Information supplied:

........

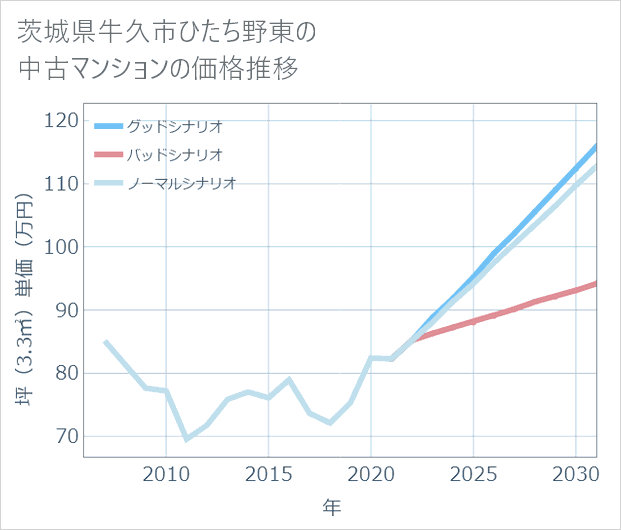 茨城県牛久市ひたち野東の中古マンション価格推移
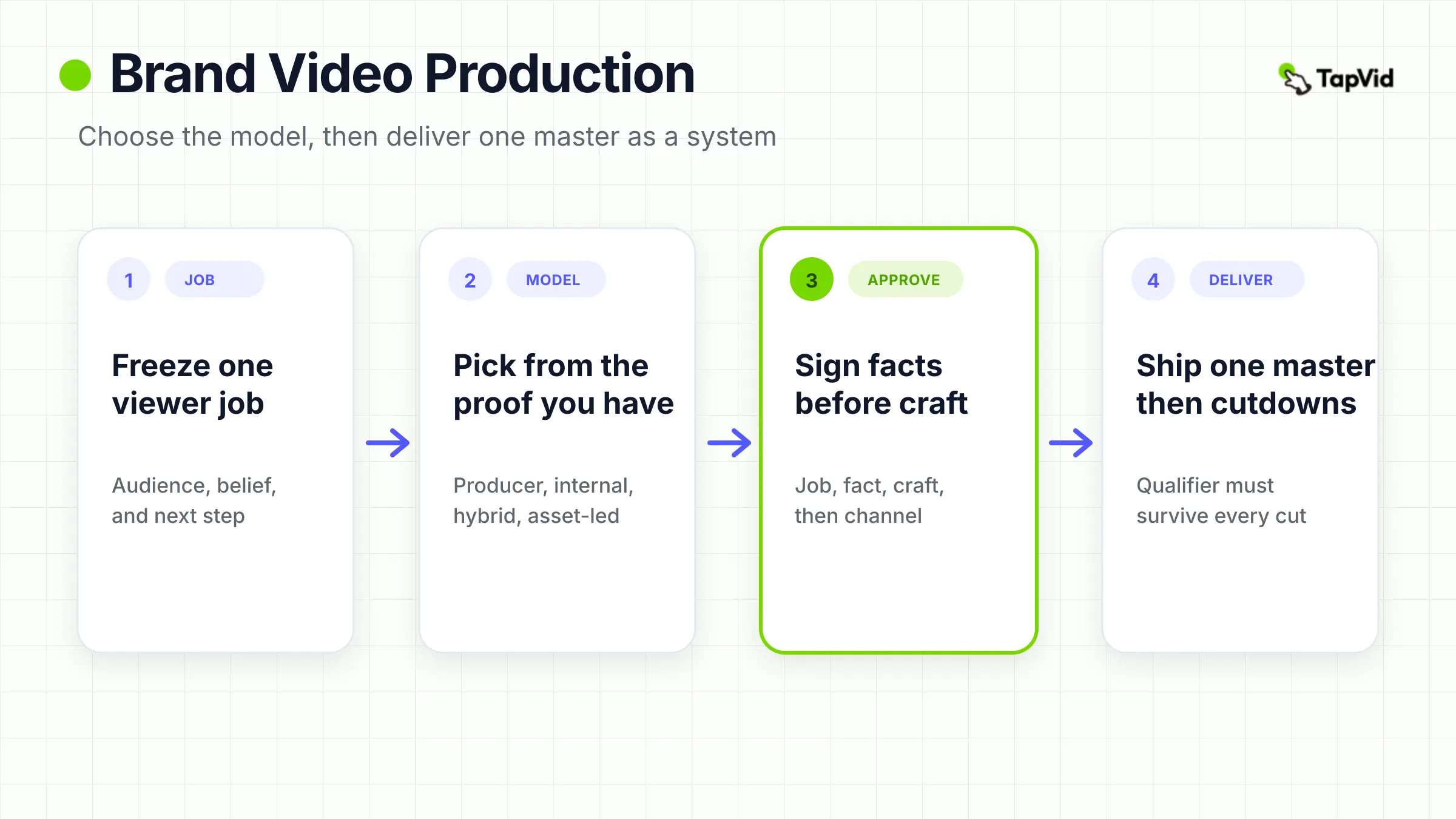 Flujo de producción de video de marca, desde fijar el trabajo y elegir un modelo hasta la aprobación por etapas y un máster reutilizable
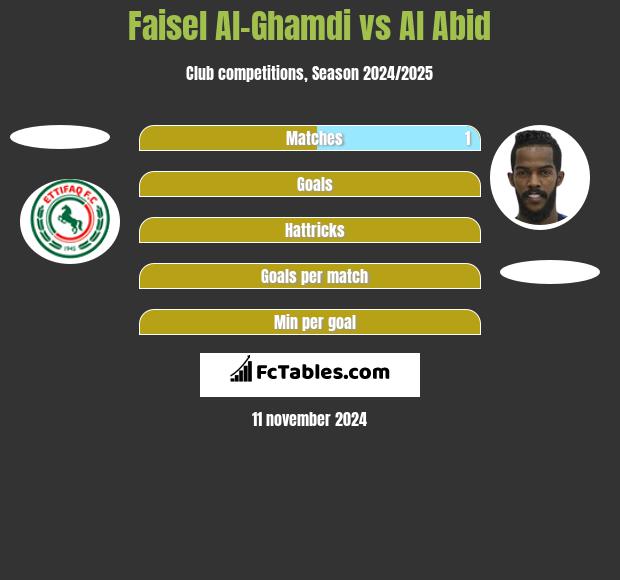 Faisel Al-Ghamdi vs Al Abid h2h player stats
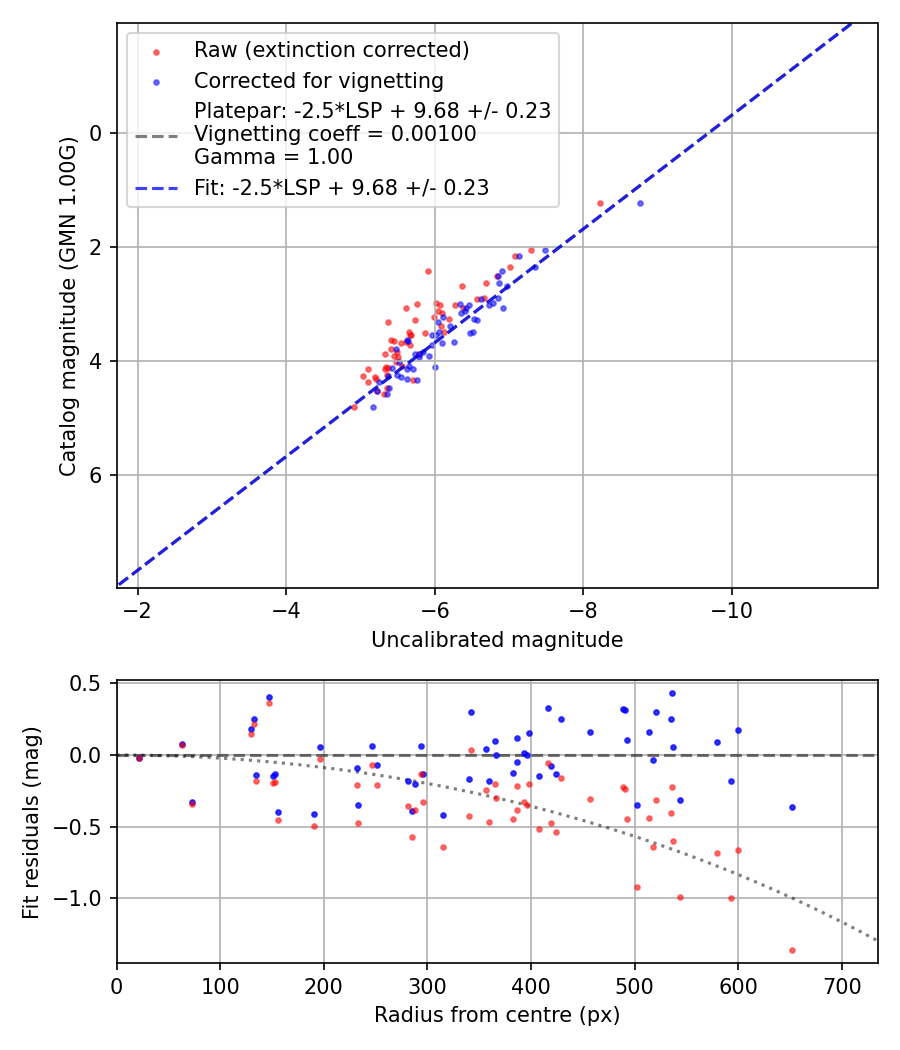 Photometry report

........

What you need to do: Here the job is to quote the lines from the one with "Flujo de producción" through the end of the material, both included, exactly; please skip the pictures.

Your response:
 Flujo de producción de video de marca, desde fijar el trabajo y elegir un modelo hasta la aprobación por etapas y un máster reutilizable
 Faisel Al-Ghamdi vs Al Abid h2h player stats
 Photometry report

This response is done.